Klipper does enforce a maximum ceiling on stepper acceleration that is
three times the maximum acceleration of a move in cartesian
space. (Similarly, the maximum velocity of the stepper is limited to
three times the maximum move velocity.) In order to enforce this
limit, moves at the extreme edge of the build envelope (where a
stepper arm may be nearly horizontal) will have a lower maximum
acceleration and velocity.
Extruder kinematics
-------------------
Klipper implements extruder motion in its own kinematic class. Since
the timing and speed of each print head movement is fully known for
each move, it's possible to calculate the step times for the extruder
independently from the step time calculations of the print head
movement.
Basic extruder movement is simple to calculate. The step time
generation uses the same constant acceleration and constant velocity
formulas that cartesian robots use.
### Pressure advance ###
Experimentation has shown that it's possible to improve the modeling
of the extruder beyond the basic extruder formula. In the ideal case,
as an extrusion move progresses, the same volume of filament should be
deposited at each point along the move and there should be no volume
extruded after the move. Unfortunately, it's common to find that the
basic extrusion formulas cause too little filament to exit the
extruder at the start of extrusion moves and for excess filament to
extrude after extrusion ends. This is often referred to as "ooze".
![ooze](img/ooze.svg.png)
The "pressure advance" system attempts to account for this by using a
different model for the extruder. Instead of naively believing that
each mm^3 of filament fed into the extruder will result in that amount
of mm^3 immediately exiting the extruder, it uses a model based on
pressure. Pressure increases when filament is pushed into the extruder
(as in [Hooke's law](https://en.wikipedia.org/wiki/Hooke%27s_law)) and
the pressure necessary to extrude is dominated by the flow rate
through the nozzle orifice (as in
[Poiseuille law](https://en.wikipedia.org/wiki/Poiseuille_law)). The
key idea is that the relationship between filament, pressure, and flow
rate can be modeled using a linear coefficient:
```
extra_filament = pressure_advance_coefficient * extruder_velocity
```
See the [pressure advance](Pressure_Advance.md) document for
information on how to find this pressure advance coefficient.
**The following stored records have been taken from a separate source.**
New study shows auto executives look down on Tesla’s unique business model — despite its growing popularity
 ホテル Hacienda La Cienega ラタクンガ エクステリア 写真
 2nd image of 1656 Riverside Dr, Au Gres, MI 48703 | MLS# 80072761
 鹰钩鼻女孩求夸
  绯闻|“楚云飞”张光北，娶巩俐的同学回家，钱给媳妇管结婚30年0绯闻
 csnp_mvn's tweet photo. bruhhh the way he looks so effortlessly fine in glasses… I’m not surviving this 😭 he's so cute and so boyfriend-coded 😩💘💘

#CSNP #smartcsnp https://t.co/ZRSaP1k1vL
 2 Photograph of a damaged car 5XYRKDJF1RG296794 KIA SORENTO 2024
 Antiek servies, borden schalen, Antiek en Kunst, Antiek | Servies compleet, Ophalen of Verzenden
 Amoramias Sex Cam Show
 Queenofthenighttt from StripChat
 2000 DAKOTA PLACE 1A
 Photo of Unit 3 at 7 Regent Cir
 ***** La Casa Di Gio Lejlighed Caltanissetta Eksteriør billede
Once configured, Klipper will push in an additional amount of filament
during acceleration. The higher the desired filament flow rate, the
more filament must be pushed in during acceleration to account for
pressure. During head deceleration the extra filament is retracted
(the extruder will have a negative velocity).
![pressure-advance](img/pressure-advance.svg.png)
One may notice that the pressure advance algorithm can cause the
extruder motor to make sudden velocity changes. This is tolerated
based on the idea that the majority of the inertia in the system is in
changing the extruder pressure. As long as the extruder pressure does
not change rapidly the sudden changes in extruder motor velocity are
tolerated.
One area where sudden velocity changes become problematic is during
small changes in head speed due to cornering.
![pressure-cornering](img/pressure-cornering.svg.png)
To prevent this, the Klipper pressure advance code utilizes the move
look-ahead queue to detect intermittent speed changes. During a
deceleration event the code finds the maximum upcoming head speed
within a configurable time window. The pressure is then only adjusted
to this found maximum. This can greatly reduce (or even completely
eliminate) pressure changes during cornering.